Prostate cancer (PC) is one of the most frequent tumors in men. Despite recent progress, the disease is still incurable once resistance to castration therapy occurs. Tumor progression is strongly mediated by altered molecular exchanges between cancer cells and the surrounding milieu that originate at the primary sites. However, the mechanisms regulating the response of the stroma to the tumor, which ultimately promote PC progression are still largely unknown. Our laboratory discovered a new type of tumor-derived extracellular vesicle (EV), which are referred to as ?large oncosomes? (LO), can harbor more abundant molecular cargo that is distinct and more potently bioactive than that carried by exosomes. The rationale for this proposal derives from our preliminary observations in patients that LO abundance in the circulation correlates with PC progression. Our functional data demonstrate that LO can activate oncogenic signaling in fibroblasts, which respond to LO uptake by activating MYC and SPI1 and by induce a transcriptional program that promotes angiogenesis and stimulates tumor growth. The overarching goal of this project is to determine the functional role of LO in PC progression and metastasis. We hypothesize that LO functionally reprogram normal prostate-associated fibroblasts (NAF) toward a phenotype that is driven by MYC and SPI1 activation. These results strongly suggest that tumor-derived LO might activate intercellular responses that are specific to this subtype of extracellular vesicle. Our hypothesis will be tested with three Specific Aims:
Aim 1 : To investigate the role of LO-induced fibroblast activation in PC progression.
Aim 2 : To find evidence that the LO- induced transcriptional program is active in PC patients with clinically significant disease.
Aim 3 : To test if LO and/or Exo derived from PC patient and PDX specimens promote castration resistance and/or bone metastasis. We will use a combination of complementary in vitro and animal orthotopic models as well as focused approaches involving genome editing, molecular barcodes, and a Cre-Lox reporter in vivo system. Our study will determine if the transcriptional program induced by LO in vitro drives tumor progression and metastasis in vivo. Additionally we will determine if this transcriptional program can also be identified in patient specimens and if it indicative of tumor progression. Finally, our study will provide evidence for LO abilities to induce metastasis of indolent PC cells.

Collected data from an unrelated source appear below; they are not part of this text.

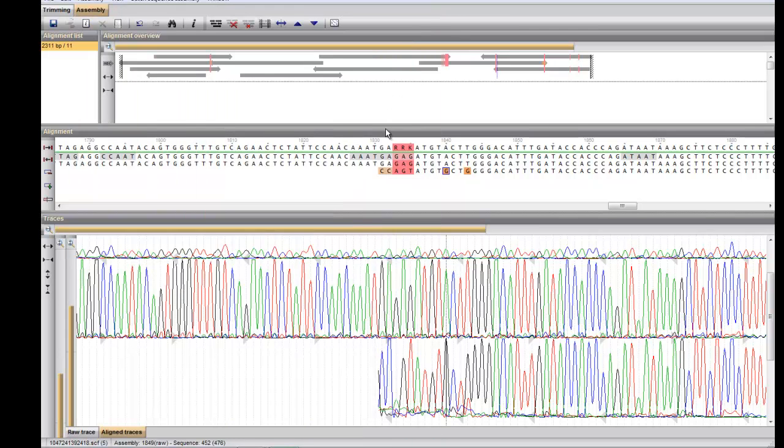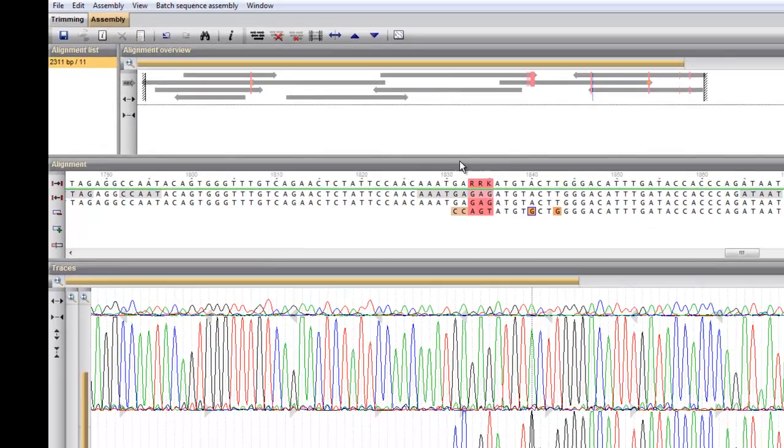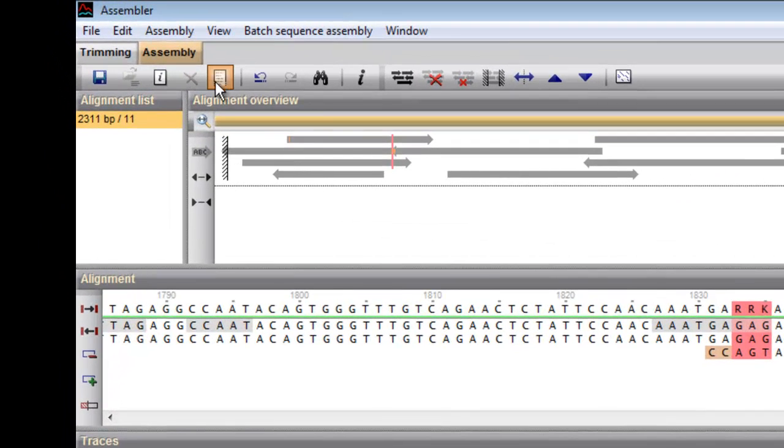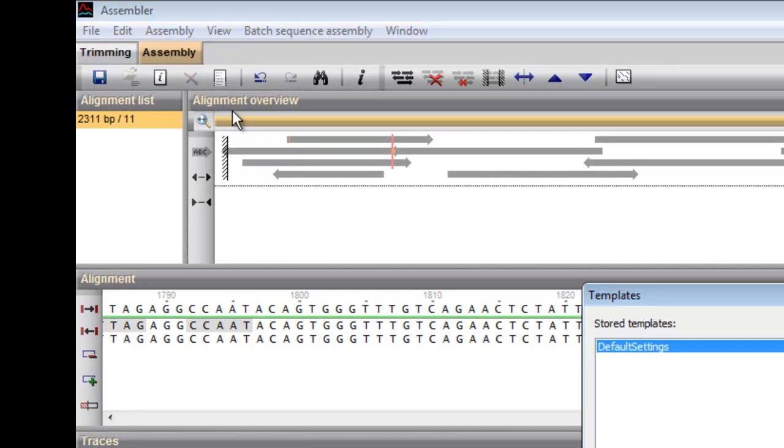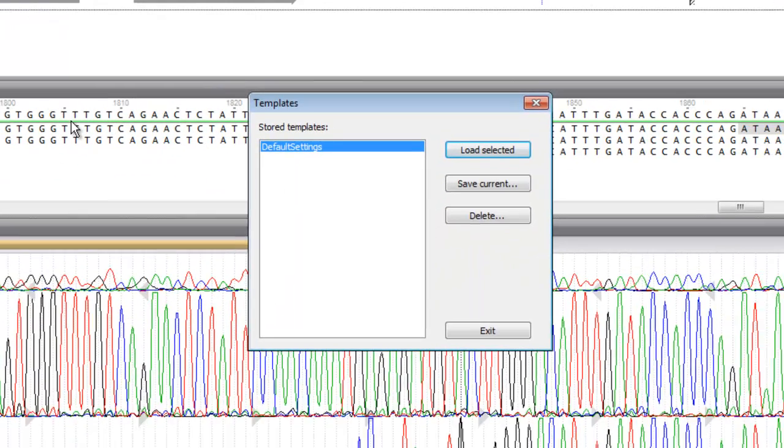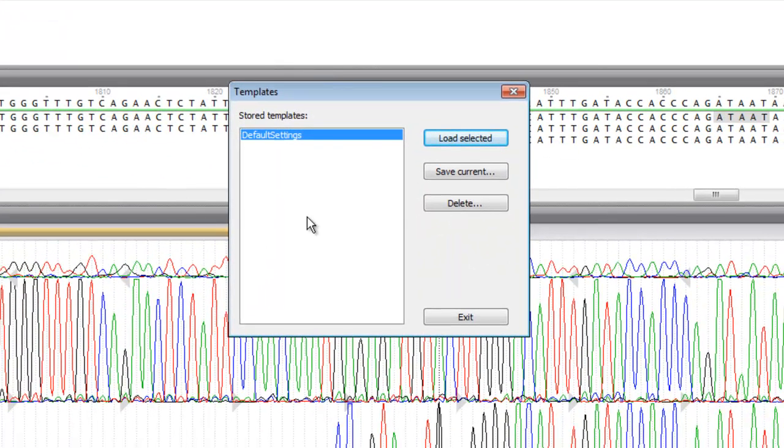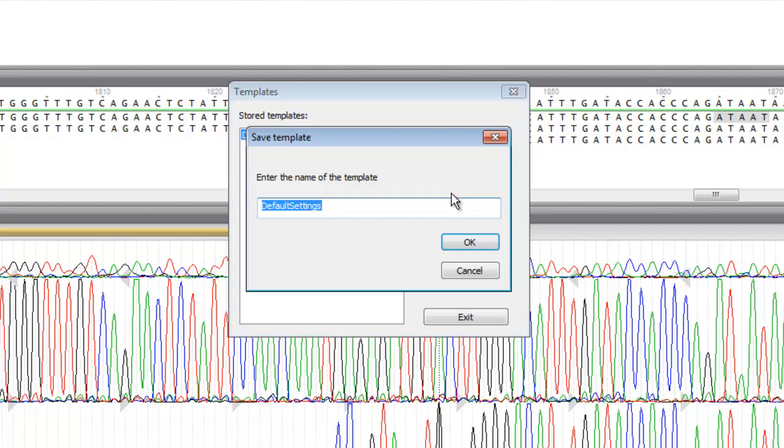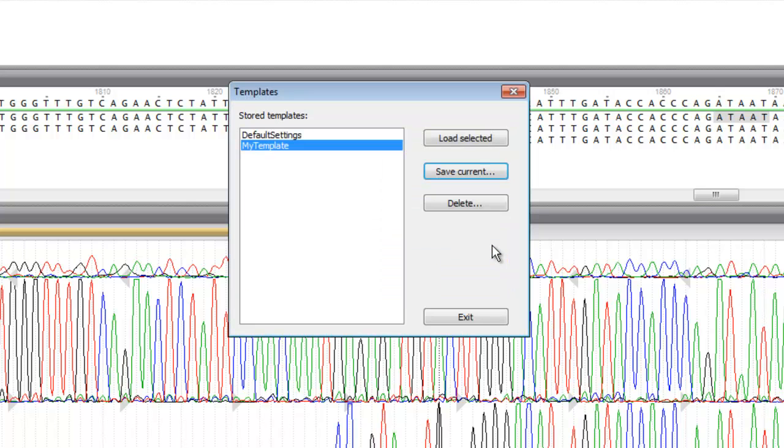The settings used in this project can be saved in a template for later use. Click the templates button and press save current. Here you can type a name for your template. It is now available to be loaded in a future project.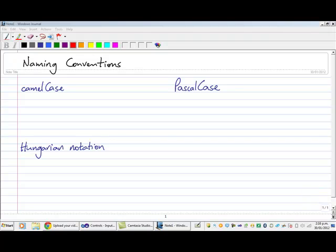Regardless of which programming language you are learning, programmers tend to have some conventions when it comes to naming things like variables and controls. I've got three of these naming conventions written on the page here.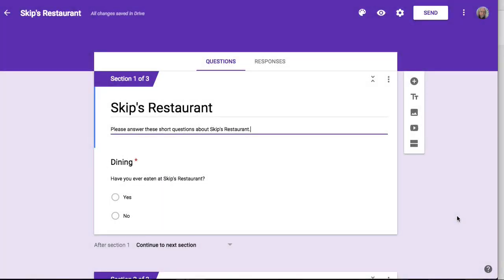This is a quick tutorial on using Google Forms in the new format that's not reflected in the current tutorials that are up there, and also on using this idea of branching logic so that you don't necessarily commit every question to every respondent if they don't need to see those questions.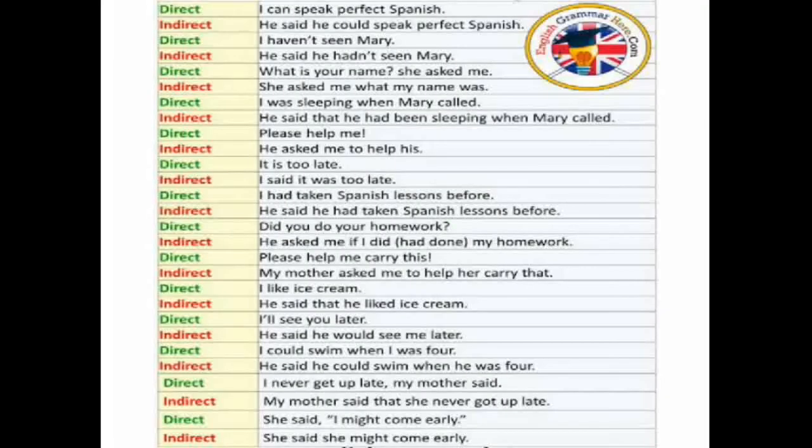This is the chart of direct and indirect speech examples of sentences. You have to read these sentences in a few seconds.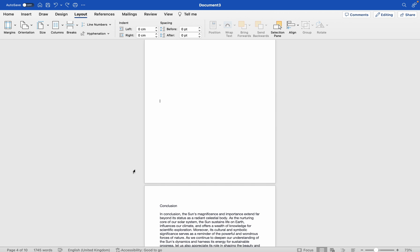Dealing with an unremovable blank page in Microsoft Word can be frustrating. This is the way to delete a stubborn page.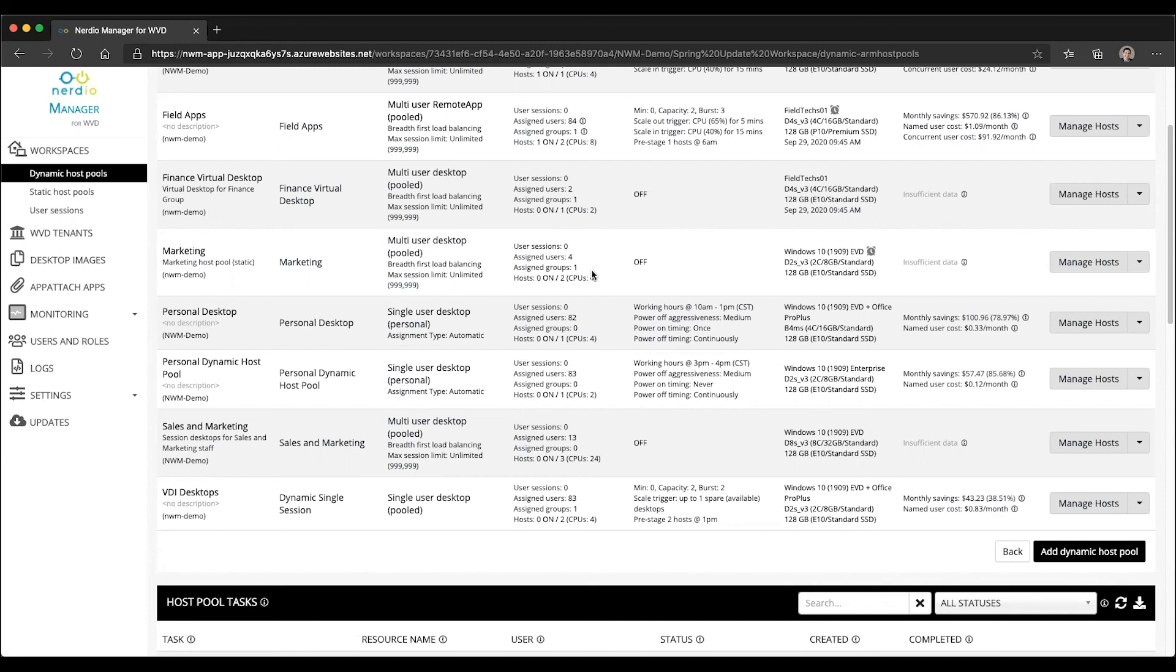So this is the automation that's available in version 2.5 of the Nerdio Manager around packaging your image on a recurring schedule and deploying that image to your host pool. Hope you found this useful and I will see you in the next video.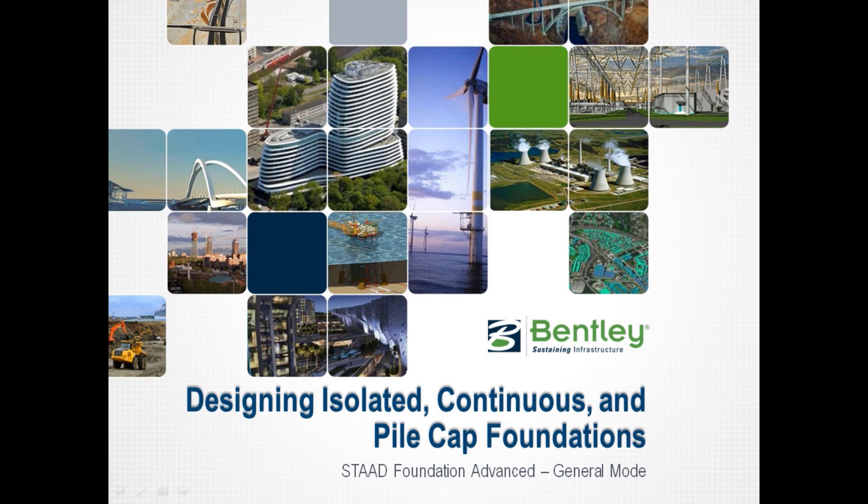Welcome to the Bentley Systems training course to learn how to design isolated, continuous, and pile cap foundations in the STAD Foundation Advanced General mode.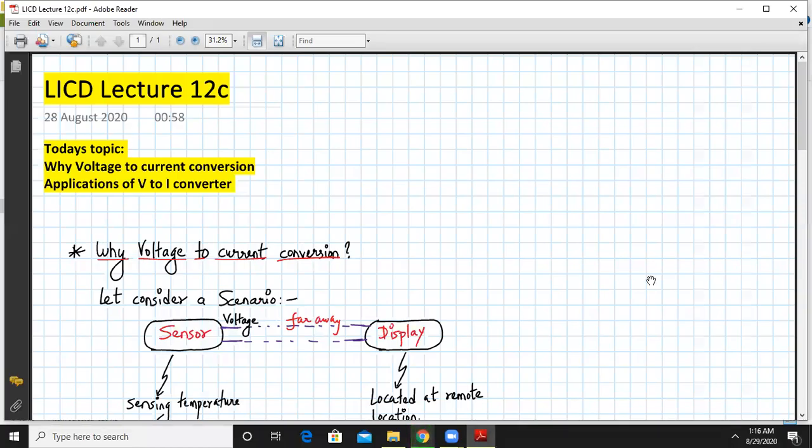Hello everyone, welcome to LICD lecture to YLC. Today's topic we are going to discuss is voltage to current conversion and some applications of V2I converter.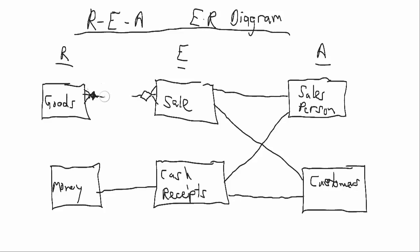And then as a descriptor, we might have a diamond in the relationship goods included in the sale. So the diagram itself serves pretty much the same purpose and is fairly consistent looking with the class model, the UML class model.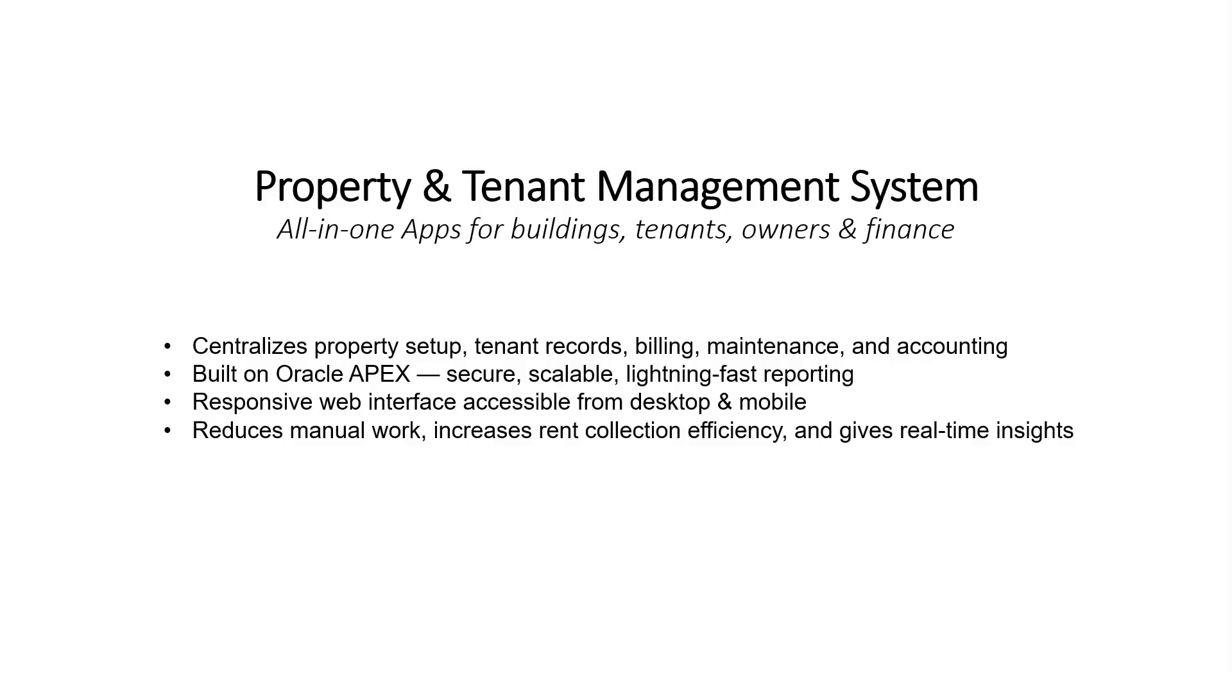Welcome to the Property and Tenant Management System, an all-in-one application solution designed for managing buildings, tenants, owners, and financial operations from a single platform.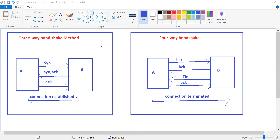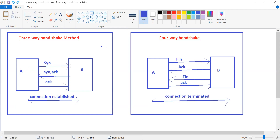SYN, SYN-ACK, ACK. A will send a SYN request to B, and after receiving the SYN request, B will send a SYN-ACK, and after receiving SYN-ACK, A will send an acknowledgement — SYN, SYN-ACK, ACK. That is the three-way handshake method, basically used for connection establishment.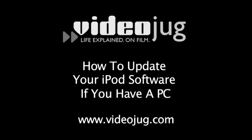How to update your iPod software if you have a PC. Hello and welcome to VideoJug.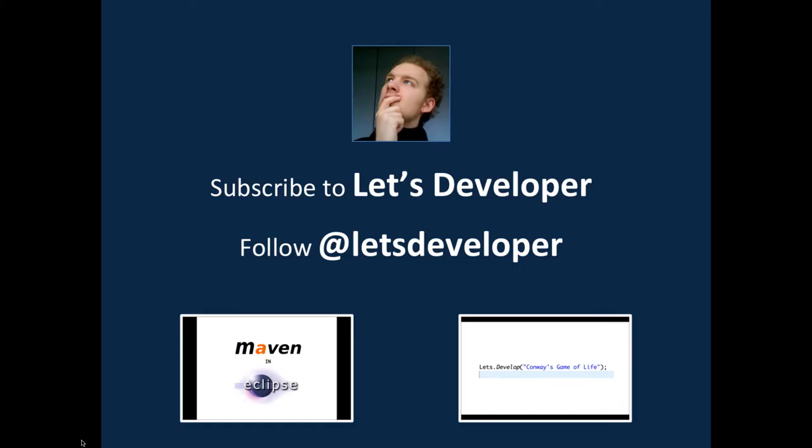If you like what I'm doing please consider to subscribe to my YouTube channel, follow me on Twitter. I post regular updates on what I do. And you may also want to have a look at the other projects I'm doing like the let's develop with Maven and Eclipse or the let's develop Conway's Game of Life. OK that's it. If you have any feedback drop me a comment let me know. I can always improve on your comments and I hope to see you next time goodbye bye.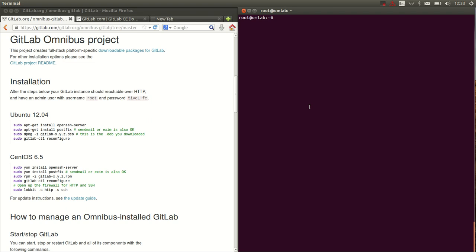Hi, this is Joop for GitLab.com. In this video, I'm going to show you how ridiculously easy it is to install GitLab using GitLab Omnibus.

In this project we will perform functional tests of a newly-identified class of tumor-derived extracellular vesicle, referred to as large oncosomes. These shed vesicles are products of metastatic prostate cancer cells and we have obtained evidence that they are potent effectors of conditioning of the tumor microenvironment in a manner that promotes disease progression. Here we will examine their potential role in stroma-supported tumor progression and metastasis and the novel molecular mechanisms underlying this process.